Franco era un militar, con las tópicas cualidades que imprime ese oficio y las no menos tópicas limitaciones que acarrea. Era, además, esposo de doña Carmen Polo, y un jefe de Estado que durante unos cuantos años no las tuvo todas consigo, factores quizá más determinantes de lo que parece. Por eso, hay una imagen del Franquiño adolescente, alegre, parlanchín y bailón completamente distinta a la del Franco adulto, soso, serio y distante como un jefe apache, aquel hombre que dejaba helados a sus interlocutores por su frialdad y falta de cordialidad, pero luego iba de pesca con su dentista y amigo, y cuando estaban a solas, le contaba chistes verdes. Fue un hombre voluntarioso y ambicioso. Sus compañeros de academia lo superaban en prestancia y estatura; Franquiño los superó en estudio y aplicación, y cuando otros andaban todavía bostezando en aburridas guarniciones peninsulares, él ya había hecho una brillante carrera en la guerra de Marruecos y se había ganado a pulso, balazo incluido, el fajín de general.

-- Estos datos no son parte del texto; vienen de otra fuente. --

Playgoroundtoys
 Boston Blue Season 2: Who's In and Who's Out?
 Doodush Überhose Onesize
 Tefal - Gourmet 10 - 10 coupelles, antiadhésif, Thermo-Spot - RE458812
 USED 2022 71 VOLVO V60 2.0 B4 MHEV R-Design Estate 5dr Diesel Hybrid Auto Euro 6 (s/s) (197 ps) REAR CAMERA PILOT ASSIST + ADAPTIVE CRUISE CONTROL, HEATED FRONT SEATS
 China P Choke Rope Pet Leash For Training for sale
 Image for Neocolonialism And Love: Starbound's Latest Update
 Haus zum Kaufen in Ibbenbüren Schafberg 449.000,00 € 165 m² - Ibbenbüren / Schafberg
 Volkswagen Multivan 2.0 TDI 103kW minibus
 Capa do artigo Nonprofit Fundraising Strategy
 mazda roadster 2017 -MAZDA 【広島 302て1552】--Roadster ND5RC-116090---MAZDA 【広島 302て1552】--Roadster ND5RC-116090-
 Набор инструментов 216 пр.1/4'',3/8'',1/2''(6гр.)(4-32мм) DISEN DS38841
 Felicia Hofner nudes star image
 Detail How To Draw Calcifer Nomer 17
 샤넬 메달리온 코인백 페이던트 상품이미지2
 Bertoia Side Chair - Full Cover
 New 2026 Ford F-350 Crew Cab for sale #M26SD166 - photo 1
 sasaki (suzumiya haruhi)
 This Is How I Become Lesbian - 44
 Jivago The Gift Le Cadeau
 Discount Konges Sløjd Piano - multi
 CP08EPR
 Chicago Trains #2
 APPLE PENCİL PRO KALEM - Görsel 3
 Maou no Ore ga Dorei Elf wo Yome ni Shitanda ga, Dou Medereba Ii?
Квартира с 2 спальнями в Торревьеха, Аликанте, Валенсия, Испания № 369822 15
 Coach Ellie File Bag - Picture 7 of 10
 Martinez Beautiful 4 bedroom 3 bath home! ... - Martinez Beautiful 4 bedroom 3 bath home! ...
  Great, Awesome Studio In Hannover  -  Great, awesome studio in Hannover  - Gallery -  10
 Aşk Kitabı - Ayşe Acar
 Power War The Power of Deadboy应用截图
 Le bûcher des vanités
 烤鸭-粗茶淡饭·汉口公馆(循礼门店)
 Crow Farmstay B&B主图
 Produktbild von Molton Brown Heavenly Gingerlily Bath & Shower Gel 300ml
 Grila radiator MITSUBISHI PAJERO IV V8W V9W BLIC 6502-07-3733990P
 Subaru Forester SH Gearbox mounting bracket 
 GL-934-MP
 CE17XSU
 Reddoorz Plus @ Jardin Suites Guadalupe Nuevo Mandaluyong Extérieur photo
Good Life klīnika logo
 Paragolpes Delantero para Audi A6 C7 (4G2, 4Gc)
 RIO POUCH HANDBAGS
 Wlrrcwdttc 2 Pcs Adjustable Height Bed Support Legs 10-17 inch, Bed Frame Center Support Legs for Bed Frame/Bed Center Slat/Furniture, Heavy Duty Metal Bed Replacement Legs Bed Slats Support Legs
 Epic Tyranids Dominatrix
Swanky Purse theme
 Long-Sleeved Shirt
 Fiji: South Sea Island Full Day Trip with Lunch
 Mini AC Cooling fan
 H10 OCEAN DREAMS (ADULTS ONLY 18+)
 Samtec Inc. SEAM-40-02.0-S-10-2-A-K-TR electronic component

No tuvo más pasión que la del mando, que no la hay más alta, y a ella le consagró su vida. Por eso no tuvo inconveniente en seguir el consejo de Mussolini: «Un rey será siempre su enemigo; a mí me pesó mucho no haberme desprendido de la casa de Saboya.» Al acabar la guerra se mantuvo en el poder, contra el parecer de algunos generales monárquicos, y evitó restaurar la monarquía, aunque, como era monárquico, nunca dejó de pensar que, después de él, se reanudaría la línea dinástica.
Horro de pasiones, tanto espirituales como físicas, nuestro hombre no tuvo más vicios que la caza y la pesca. Por ese lado, cosechó abundantes éxitos, ya que, dado que la tradición hispánica requería que los alzafuelles de palacio facilitaran hembras al monarca, en su tálamo cinegético nunca faltaron perdices, ciervos, truchas, salmones y hasta una ballena de veinte toneladas.
No era Franco un hombre de gran cultura, pero tampoco tan ceporro como muchos conmilitones suyos. Pudo no ser una inteligencia privilegiada, pero fue más listo que sus posibles competidores. Por eso, aunque era el general menos comprometido de los que se sumaron al golpe de Estado, acabó liderándolo cuando la rebelión se había consolidado.